Information supplied
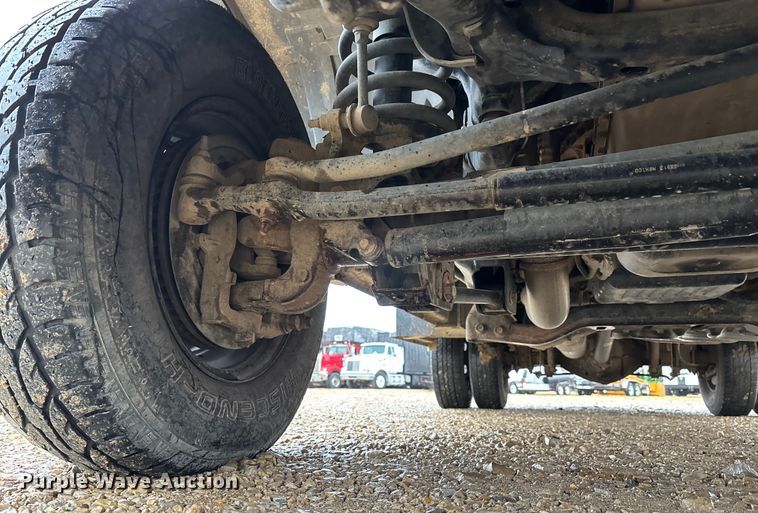 image for item DW7366 2013 RAM 3500 flatbed pickup truck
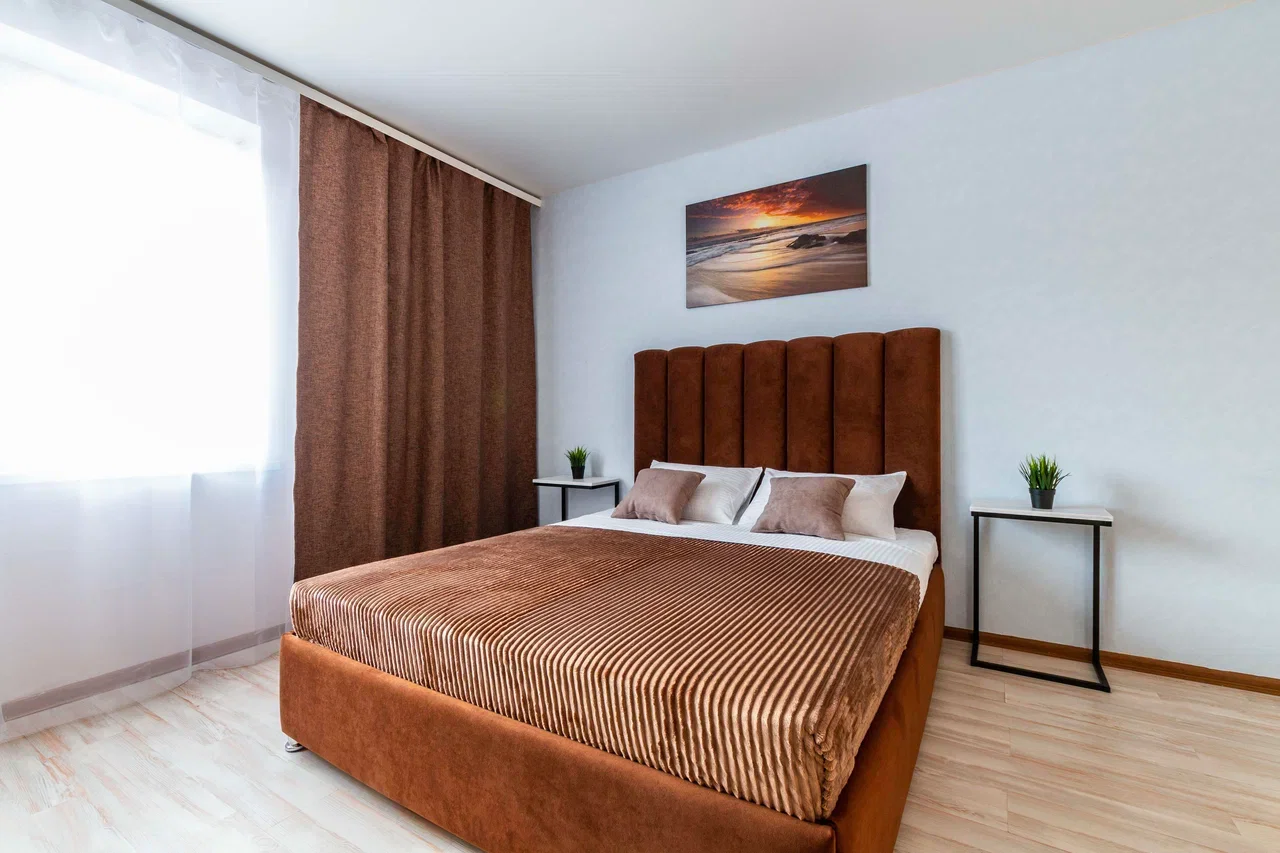 Снять квартиру-студию в Екатеринбурге у развязки Сибирского тракта посуточно 3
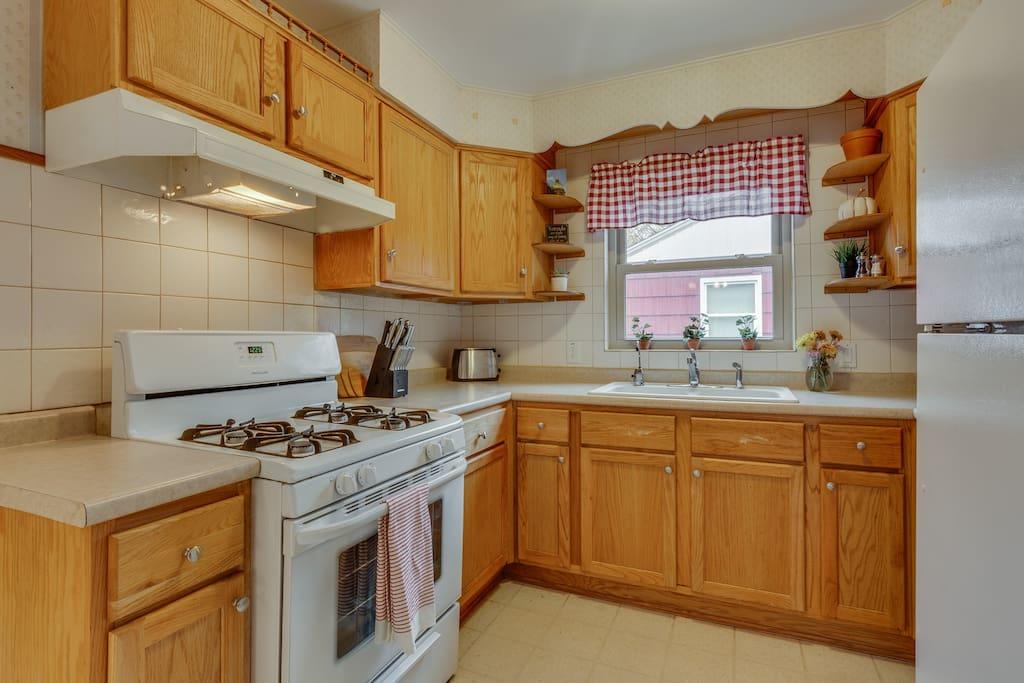 Cute And Comfortable Notre Dame Home(1631) - thumb 10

Assigned task
An exact copy of the lines from the line containing "Снять квартиру-студию в" through the final line of the listing, without pictures, is the expected result.

Written response
 Снять квартиру-студию в Екатеринбурге у развязки Сибирского тракта посуточно 3
 Cute And Comfortable Notre Dame Home(1631) - thumb 10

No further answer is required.